Praktijkgebieden: Huurrecht
Aan de jurisprudentie over de goedkeuring van van de wet afwijkende bedingen in huurovereenkomsten van artikel 290-bedrijfsruimte heeft de Hoge Raad onlangs weer een opmerkelijke uitspraak toegevoegd.
Met betrekking tot de huur van artikel 290-bedrijfsruimten (detailhandelsruimten) bepaalt artikel 7:291 BW dat niet ten nadele van de huurder van de wettelijke huurbepalingen kan worden afgeweken. Dergelijke afwijkende bepalingen zijn vernietigbaar door de huurder. Maar dat alles geldt niet meer als die afwijkende bepalingen door de rechter zijn goedgekeurd.

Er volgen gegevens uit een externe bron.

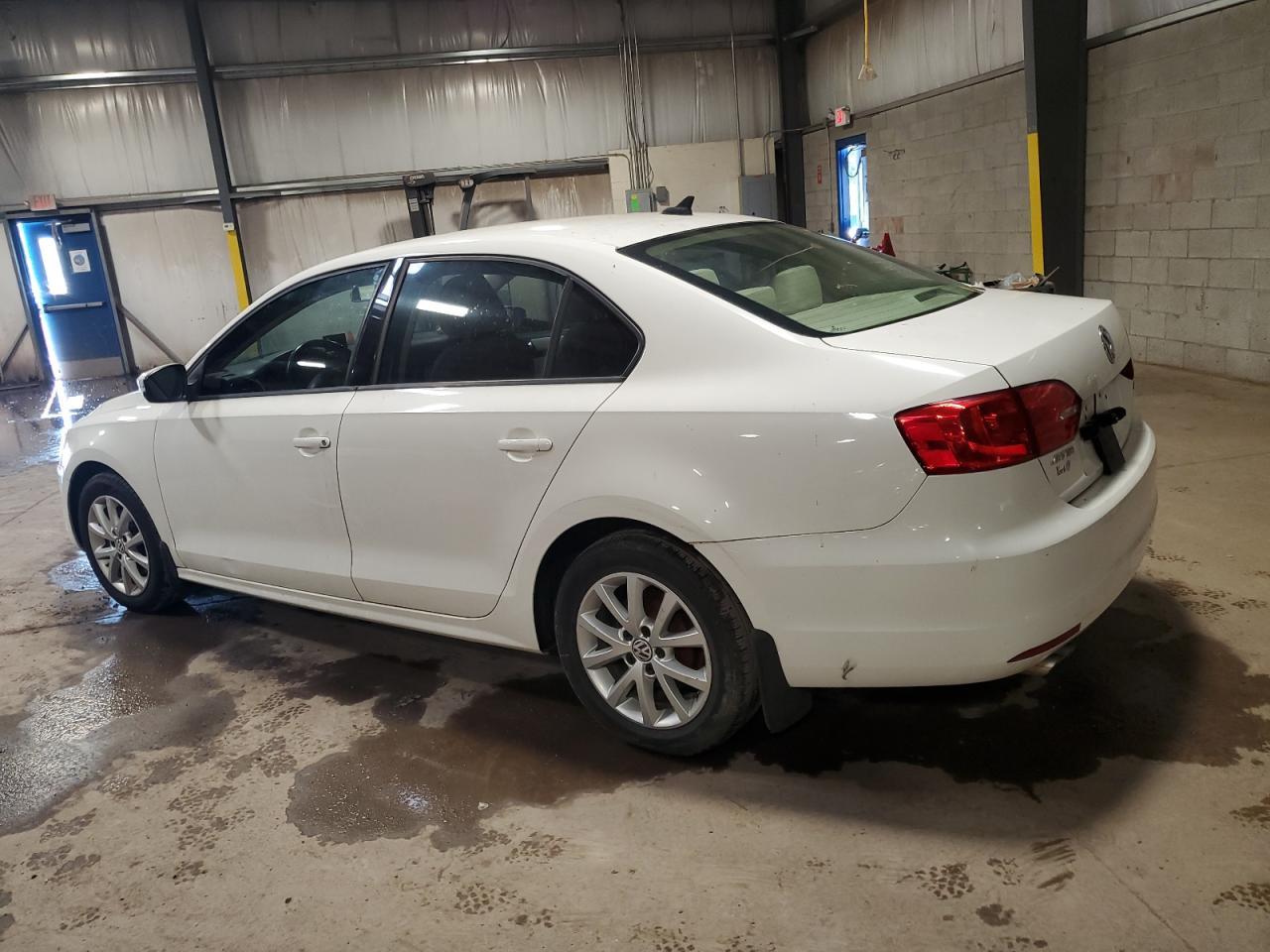 2011 VOLKSWAGEN JETTA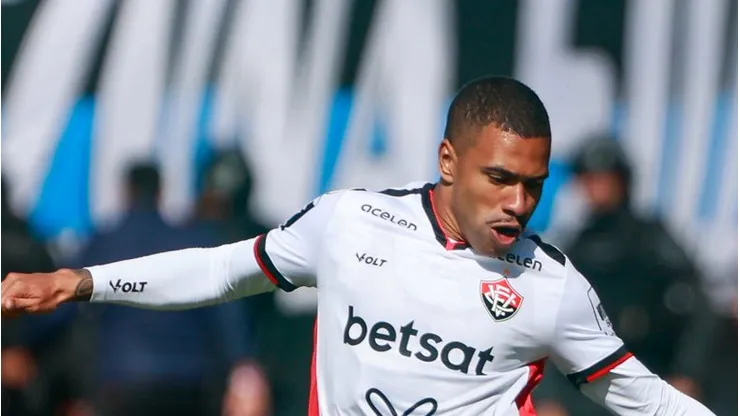 Lucas Esteves deve chegar ao Imortal na próxima semana.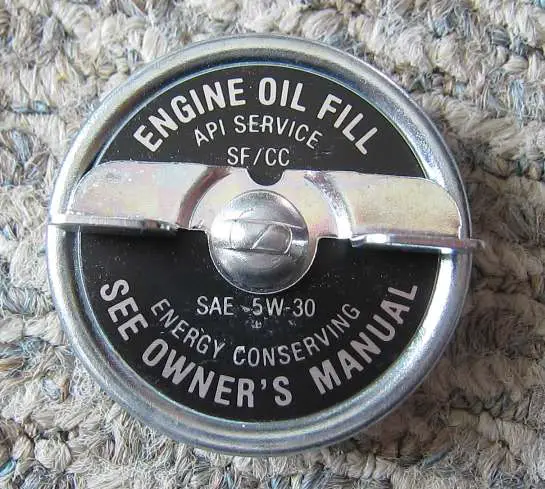 87-88 Olds V8 Oil Cap.JPG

Die goedkeuring kan door de rechter worden gegeven indien de afwijking van de wettelijke bepalingen de rechten van de huurder niet wezenlijk aantast of als de huurder een zodanige maatschappelijke positie heeft dat hij de wettelijke huurbescherming niet nodig heeft.
Bij het aangaan van een huurovereenkomst kunnen er wel eens redenen zijn om af te wijken van de rechten die de huurder krachtens de wet geniet. Dat kan bijvoorbeeld gaan om de lengte van de huurtermijnen of de mogelijkheden om de huur op te kunnen zeggen (indien bijvoorbeeld een herontwikkeling van het gebouw aanstaande is) of de mogelijkheden om op een bepaald tijdstip een aanpassing van de huurprijs te vorderen en wat dan de maatstaf of de procedure daarvoor zou moeten zijn.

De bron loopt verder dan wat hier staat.